One thing is for absolute certain; this new alignment plan will galvanize the rivalries contained. The Flyers will play the Penguins, Capitals, Rangers, Islanders, Devils, and Hurricanes 6 times a year, and then faceoff with one of them in the first and second rounds of the playoffs.  Talk about animosity building up.  This should bring about some very exciting conference playoffs.  Imagine facing the Rangers every year in the playoffs, it could conceivably happen.  As if we didn’t hate them enough already this just fuels the fire.  The other thing I like is we now have the opportunity to face every other team in the NHL at home.  It gives fans an opportunity to see some of the premier players in the NHL live and up close. 
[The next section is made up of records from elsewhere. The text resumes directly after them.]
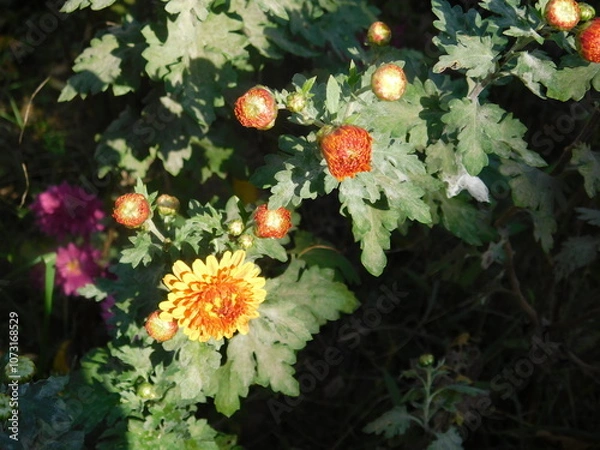 Obraz autumn flowers 1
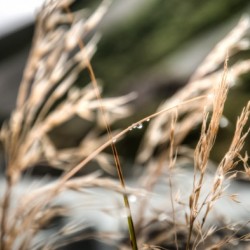 Dew in the Morning
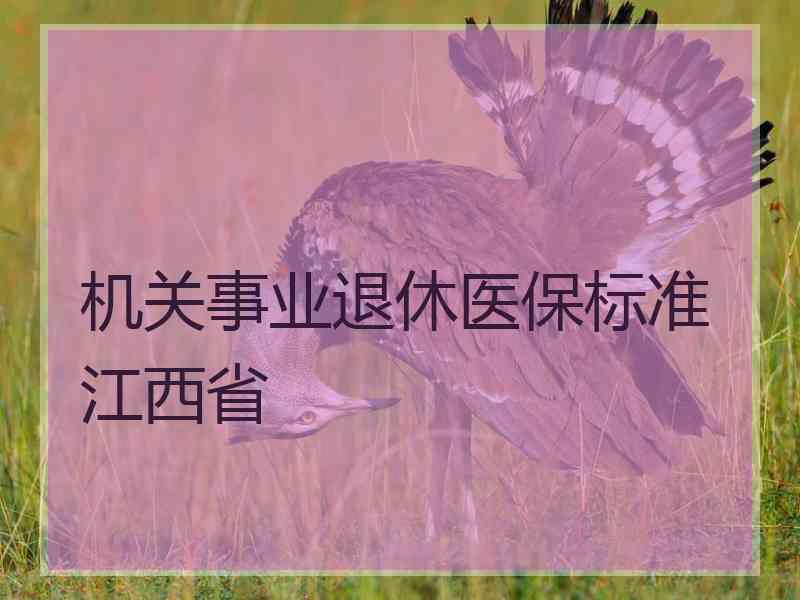 机关事业退休医保标准江西省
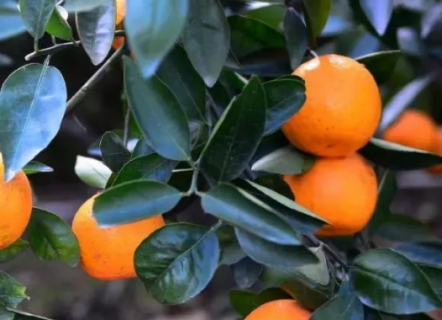 柑橘八大实用技术 柑橘八大实用技术是什么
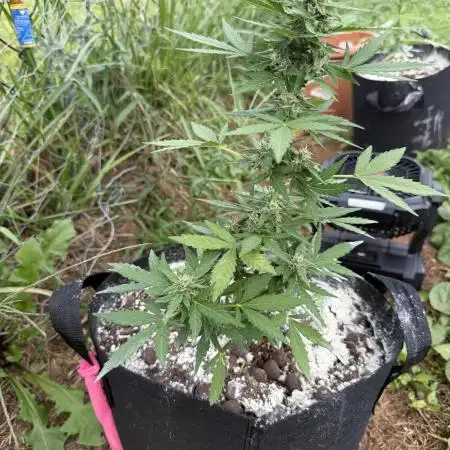 Northern light 3 gallon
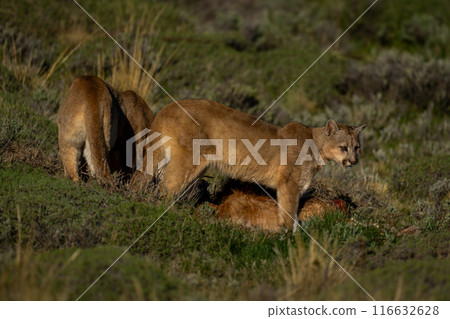 Two pumas stand by kill in sunshine 116632628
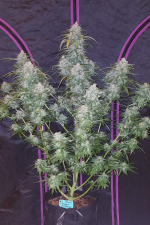 Pineapple Express Auto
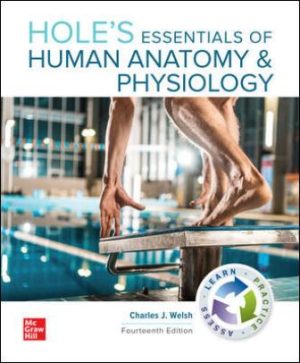 Test Bank for Hole's Essentials of Human Anatomy & Physiology 14/E Welsh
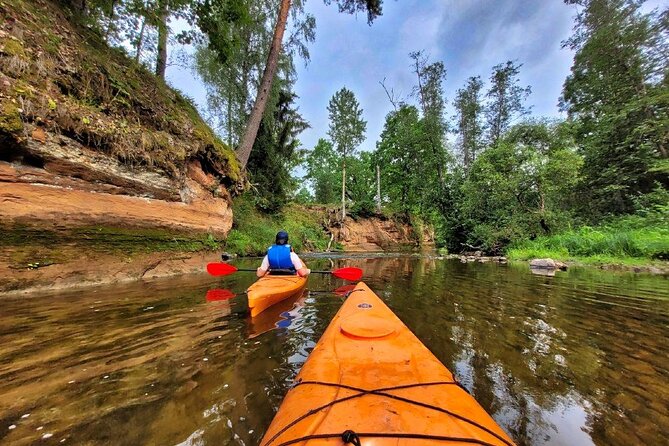 One-Day Kayaking Trip in Gauja River Valley - Kayaks, paddling effort, and what to expect when water levels change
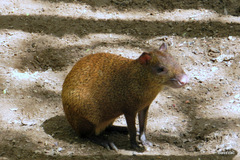 Dasyprocta ruatanica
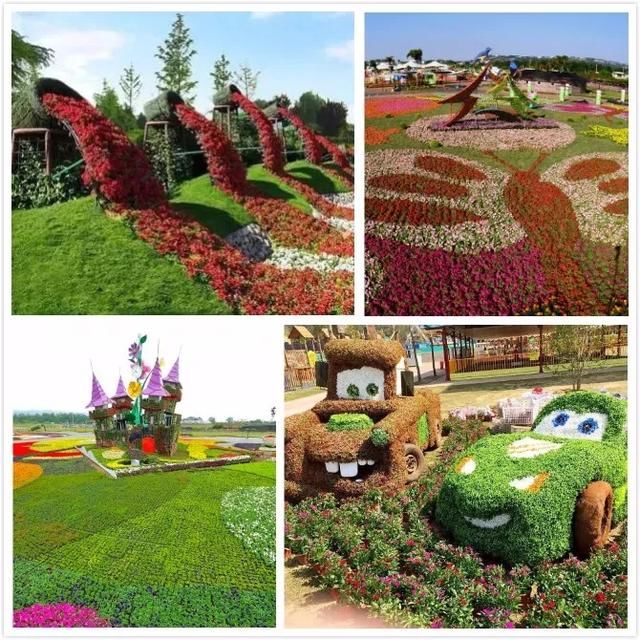 美极了!广西五彩田园“三角梅花海节”真的太美了!!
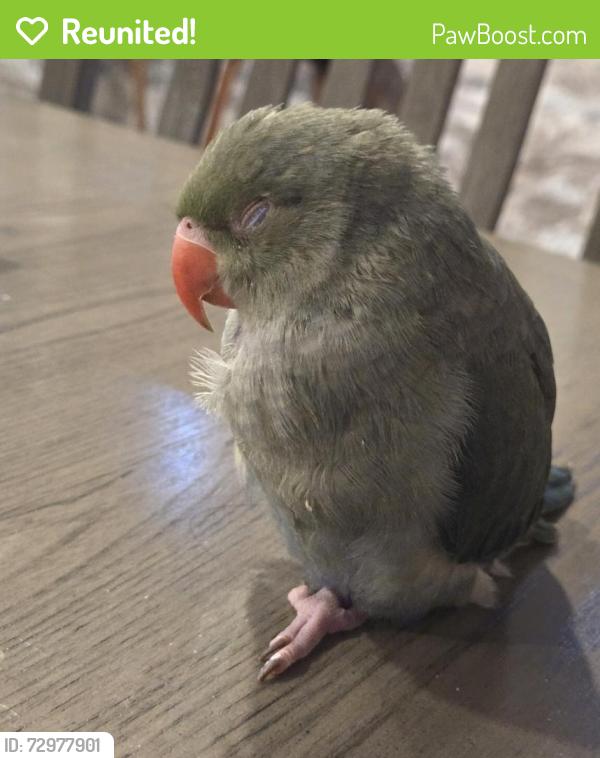 Reunited Unknown Bird last seen Folly Point Dr, Houston, TX 77429, USA, Sydney Harbour, TX 77429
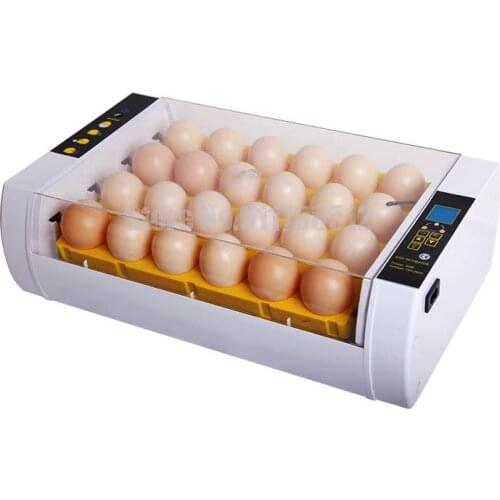 Mini Automatic Hatching Machine For Birds, Eggs, Chickens And Ducks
On the flip side you will always have your drawbacks.  Some of the Flyers other rivals, i.e. the Bruins, Canadiens, Sabres, and Lightning will now only be faced twice a season as opposed to the four times now. Another complaint I have been hearing a lot is playing tougher opponents in the first round of the playoffs.  Think about it. If the playoffs from Conference D had the Rangers, Penguins, and Capitals, the Flyers would face one of them in the first round.  

Pretty tough.  

But I look at it this way, If you want to be the best, you have to beat the best.  It makes the playoffs that much more exciting.  Another con for our Philly boys will be a slightly increased travel schedule.  Heading west will be a more common occurrence in the new NHL.  From what I have read from Gary Bettman, the travel will be accommodated with more focus on scheduling days between travel games.  So I don’t think it will factor into the play too much.  No, Vancouver, travel is NOT an excuse for no Cups ever. But I digress.

Overall, I think that this is a very exciting step for the NHL. It will give an “old school” flare to the new NHL.  Especially if the NHL decides to use the antique names for the conferences.  I, for one, hope the NHL decides to give the original fans, who have stuck by them through thick and thin, something to be excited about.  

The fact remains that this is radical for the NHL.  Nobody likes change at first.  Trust me when I say, that you will not be disappointed once this plan gets underway.  Oh, and don’t forget to start building up your hate for the Capitals and Hurricanes now.  They are a new addition to an already exciting division.  Let’s show them how we roll in the Atlantic. This ain’t the Southeast anymore. Get excited Flyers fans, some great hockey awaits, and this is only the beginning of a new chapter.